» **Records for the task**
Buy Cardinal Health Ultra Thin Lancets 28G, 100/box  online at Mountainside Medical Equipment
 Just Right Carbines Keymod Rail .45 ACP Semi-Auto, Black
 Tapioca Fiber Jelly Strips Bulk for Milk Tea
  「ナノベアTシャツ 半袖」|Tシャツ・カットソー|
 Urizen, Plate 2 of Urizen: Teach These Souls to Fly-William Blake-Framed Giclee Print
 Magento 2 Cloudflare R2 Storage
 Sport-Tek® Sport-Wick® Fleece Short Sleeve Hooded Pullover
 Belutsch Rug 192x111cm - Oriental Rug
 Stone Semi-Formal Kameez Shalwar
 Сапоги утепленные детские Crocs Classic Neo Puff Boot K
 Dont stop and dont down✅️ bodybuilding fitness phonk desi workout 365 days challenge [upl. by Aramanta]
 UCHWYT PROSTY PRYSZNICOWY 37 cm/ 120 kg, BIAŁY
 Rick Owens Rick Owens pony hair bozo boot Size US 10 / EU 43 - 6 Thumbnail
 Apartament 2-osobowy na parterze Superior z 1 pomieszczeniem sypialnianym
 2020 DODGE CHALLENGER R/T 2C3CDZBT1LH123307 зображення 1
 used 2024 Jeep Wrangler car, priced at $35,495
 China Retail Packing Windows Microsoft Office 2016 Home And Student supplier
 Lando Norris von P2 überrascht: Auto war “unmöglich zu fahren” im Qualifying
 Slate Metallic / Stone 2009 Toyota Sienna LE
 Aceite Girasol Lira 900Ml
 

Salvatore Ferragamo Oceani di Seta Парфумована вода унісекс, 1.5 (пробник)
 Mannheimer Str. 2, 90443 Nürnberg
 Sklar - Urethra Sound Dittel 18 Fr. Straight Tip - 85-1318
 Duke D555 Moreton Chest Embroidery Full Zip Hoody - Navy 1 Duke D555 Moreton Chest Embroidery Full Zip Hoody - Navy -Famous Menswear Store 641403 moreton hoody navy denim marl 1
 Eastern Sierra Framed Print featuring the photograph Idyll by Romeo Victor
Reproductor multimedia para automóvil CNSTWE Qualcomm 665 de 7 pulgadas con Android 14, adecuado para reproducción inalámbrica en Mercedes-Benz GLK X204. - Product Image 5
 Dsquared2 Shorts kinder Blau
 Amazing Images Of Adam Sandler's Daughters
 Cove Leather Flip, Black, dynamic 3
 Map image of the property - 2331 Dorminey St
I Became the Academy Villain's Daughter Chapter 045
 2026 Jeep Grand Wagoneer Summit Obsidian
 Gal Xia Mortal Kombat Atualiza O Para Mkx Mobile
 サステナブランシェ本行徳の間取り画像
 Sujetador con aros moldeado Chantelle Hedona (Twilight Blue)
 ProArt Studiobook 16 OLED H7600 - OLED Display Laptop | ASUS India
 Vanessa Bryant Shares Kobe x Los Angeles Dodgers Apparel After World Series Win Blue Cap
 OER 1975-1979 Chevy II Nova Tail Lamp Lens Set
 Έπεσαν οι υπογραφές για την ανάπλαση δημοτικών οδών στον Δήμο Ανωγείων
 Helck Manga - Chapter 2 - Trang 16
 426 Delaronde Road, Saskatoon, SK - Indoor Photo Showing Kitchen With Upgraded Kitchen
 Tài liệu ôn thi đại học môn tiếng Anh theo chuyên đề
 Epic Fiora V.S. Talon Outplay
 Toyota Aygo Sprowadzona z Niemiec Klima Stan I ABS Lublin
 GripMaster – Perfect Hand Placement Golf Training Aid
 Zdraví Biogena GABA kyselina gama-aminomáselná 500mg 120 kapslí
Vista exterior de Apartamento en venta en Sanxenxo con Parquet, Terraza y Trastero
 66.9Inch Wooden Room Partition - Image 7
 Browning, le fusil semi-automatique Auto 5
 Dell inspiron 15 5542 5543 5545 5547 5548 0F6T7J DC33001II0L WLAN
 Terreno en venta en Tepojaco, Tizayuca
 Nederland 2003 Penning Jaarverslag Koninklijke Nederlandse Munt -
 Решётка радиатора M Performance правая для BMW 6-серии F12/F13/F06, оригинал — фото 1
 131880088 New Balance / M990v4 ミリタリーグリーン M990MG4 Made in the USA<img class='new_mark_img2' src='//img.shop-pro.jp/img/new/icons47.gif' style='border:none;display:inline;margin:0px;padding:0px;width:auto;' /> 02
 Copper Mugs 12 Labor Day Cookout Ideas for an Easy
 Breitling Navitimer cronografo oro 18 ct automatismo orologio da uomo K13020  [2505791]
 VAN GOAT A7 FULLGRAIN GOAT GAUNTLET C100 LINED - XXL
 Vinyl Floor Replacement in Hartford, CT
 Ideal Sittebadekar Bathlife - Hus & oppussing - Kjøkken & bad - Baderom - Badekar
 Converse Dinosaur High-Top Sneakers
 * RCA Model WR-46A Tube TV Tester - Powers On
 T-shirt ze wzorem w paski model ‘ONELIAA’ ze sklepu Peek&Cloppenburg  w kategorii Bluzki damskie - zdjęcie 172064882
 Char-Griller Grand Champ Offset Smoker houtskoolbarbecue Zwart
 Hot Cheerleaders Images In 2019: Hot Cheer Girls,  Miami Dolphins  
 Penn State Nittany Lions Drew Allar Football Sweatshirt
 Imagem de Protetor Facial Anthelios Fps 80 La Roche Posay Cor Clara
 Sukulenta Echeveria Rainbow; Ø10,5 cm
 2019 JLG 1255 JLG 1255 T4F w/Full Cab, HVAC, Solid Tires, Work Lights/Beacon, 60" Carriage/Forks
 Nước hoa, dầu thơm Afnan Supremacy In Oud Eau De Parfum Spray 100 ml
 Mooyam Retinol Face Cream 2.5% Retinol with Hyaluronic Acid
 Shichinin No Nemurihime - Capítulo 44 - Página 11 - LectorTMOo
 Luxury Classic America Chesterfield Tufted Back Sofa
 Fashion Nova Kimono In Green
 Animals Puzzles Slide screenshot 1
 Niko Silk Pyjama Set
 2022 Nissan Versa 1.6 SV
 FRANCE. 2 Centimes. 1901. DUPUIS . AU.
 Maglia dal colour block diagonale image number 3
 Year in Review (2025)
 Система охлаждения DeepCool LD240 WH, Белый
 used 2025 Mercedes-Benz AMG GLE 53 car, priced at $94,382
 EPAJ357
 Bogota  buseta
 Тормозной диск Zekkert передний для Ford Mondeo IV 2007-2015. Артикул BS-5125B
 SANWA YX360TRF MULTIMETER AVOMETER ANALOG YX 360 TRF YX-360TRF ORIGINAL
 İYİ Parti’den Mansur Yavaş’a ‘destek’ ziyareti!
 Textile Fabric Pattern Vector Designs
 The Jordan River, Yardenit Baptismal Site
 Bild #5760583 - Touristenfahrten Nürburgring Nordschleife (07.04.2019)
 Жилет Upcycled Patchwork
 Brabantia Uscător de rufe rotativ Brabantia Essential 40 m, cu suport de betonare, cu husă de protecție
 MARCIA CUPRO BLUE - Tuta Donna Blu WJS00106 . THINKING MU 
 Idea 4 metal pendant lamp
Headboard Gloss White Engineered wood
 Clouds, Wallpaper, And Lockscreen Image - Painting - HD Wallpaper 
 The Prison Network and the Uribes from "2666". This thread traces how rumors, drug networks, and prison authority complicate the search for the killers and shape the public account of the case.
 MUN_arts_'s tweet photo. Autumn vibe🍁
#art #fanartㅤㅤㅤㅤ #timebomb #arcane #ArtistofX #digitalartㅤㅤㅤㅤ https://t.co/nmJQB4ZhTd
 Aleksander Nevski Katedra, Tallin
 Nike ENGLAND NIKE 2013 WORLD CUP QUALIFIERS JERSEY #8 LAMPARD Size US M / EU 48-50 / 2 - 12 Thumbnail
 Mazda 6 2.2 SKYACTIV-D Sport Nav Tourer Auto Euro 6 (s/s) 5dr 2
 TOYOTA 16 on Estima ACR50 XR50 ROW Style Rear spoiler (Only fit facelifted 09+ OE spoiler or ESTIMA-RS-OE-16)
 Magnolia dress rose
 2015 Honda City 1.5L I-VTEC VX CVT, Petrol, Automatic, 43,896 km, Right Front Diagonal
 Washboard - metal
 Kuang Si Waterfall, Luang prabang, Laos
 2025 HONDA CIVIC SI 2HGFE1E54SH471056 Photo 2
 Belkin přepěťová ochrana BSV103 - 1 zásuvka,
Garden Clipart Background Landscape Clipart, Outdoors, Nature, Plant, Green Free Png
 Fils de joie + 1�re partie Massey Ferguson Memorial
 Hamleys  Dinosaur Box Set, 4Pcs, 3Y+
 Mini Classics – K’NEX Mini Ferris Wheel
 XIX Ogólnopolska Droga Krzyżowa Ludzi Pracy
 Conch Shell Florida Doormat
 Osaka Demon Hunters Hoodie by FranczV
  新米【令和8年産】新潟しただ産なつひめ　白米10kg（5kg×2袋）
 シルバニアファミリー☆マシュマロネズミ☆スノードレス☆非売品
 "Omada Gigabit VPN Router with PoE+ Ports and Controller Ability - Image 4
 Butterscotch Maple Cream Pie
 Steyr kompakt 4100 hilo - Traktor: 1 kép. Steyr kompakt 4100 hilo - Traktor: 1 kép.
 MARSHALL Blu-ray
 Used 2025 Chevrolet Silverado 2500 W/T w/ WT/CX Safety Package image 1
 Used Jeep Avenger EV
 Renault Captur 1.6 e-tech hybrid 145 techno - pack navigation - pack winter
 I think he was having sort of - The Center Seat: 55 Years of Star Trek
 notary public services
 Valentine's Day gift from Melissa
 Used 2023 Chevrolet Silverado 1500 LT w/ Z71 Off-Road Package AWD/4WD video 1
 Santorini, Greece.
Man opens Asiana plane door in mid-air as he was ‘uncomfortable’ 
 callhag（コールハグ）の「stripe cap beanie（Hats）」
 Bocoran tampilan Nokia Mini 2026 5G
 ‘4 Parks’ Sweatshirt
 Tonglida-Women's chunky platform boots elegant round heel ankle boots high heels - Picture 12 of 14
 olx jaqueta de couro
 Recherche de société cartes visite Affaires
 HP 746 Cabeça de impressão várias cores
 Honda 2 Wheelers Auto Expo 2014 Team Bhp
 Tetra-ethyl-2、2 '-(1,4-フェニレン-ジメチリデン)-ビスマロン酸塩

» **Aim of the task**
Return each line of the material in which the string "Package" can be found.

» **Solved exercise**
 Used 2025 Chevrolet Silverado 2500 W/T w/ WT/CX Safety Package image 1
 Used 2023 Chevrolet Silverado 1500 LT w/ Z71 Off-Road Package AWD/4WD video 1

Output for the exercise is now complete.